┌──
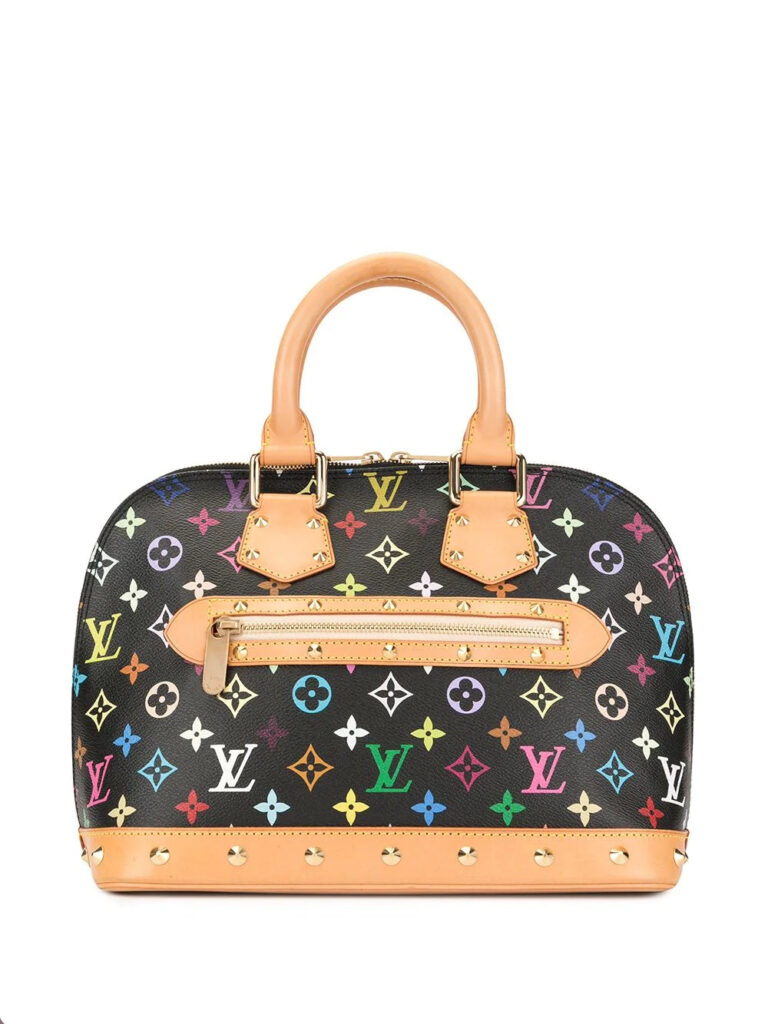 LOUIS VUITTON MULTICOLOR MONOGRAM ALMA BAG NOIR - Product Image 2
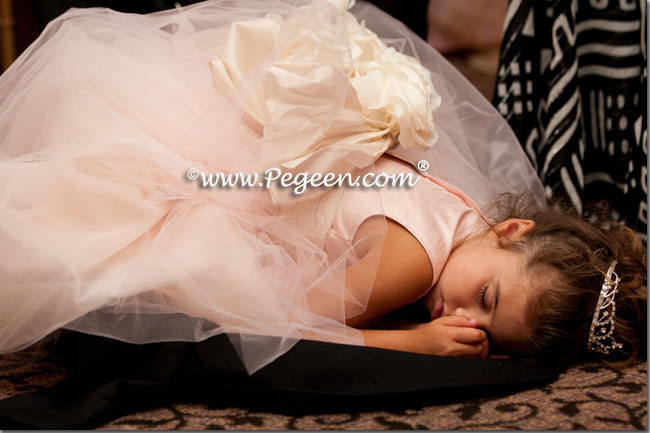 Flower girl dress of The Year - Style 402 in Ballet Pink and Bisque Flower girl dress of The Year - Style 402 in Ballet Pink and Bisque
└──
┌──
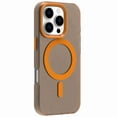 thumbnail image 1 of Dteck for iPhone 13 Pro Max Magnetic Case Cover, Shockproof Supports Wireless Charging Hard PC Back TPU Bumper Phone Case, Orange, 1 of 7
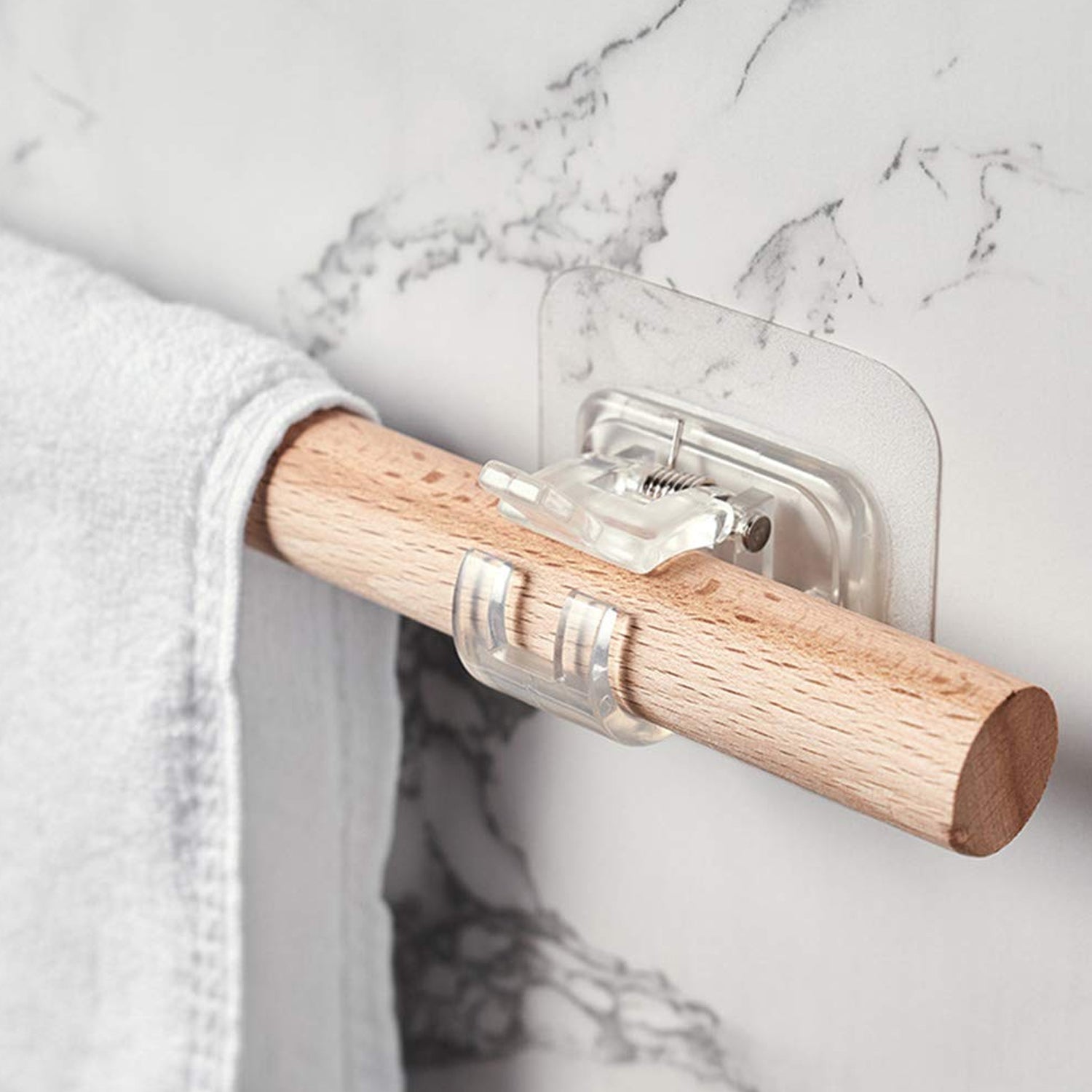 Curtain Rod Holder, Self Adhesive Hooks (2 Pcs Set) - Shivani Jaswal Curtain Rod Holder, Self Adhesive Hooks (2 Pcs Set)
└──
## WHAT IS NEEDED
Everything above from the line that has "thumbnail image 1" down to the line that has "Curtain Rod Holder, Self Adhesive Hooks (2 Pcs Set) - Shivani" should be output exactly, with both of those lines included. Leave the pictures behind.

## SOLUTION TO THIS EXERCISE
 thumbnail image 1 of Dteck for iPhone 13 Pro Max Magnetic Case Cover, Shockproof Supports Wireless Charging Hard PC Back TPU Bumper Phone Case, Orange, 1 of 7
 Curtain Rod Holder, Self Adhesive Hooks (2 Pcs Set) - Shivani Jaswal Curtain Rod Holder, Self Adhesive Hooks (2 Pcs Set)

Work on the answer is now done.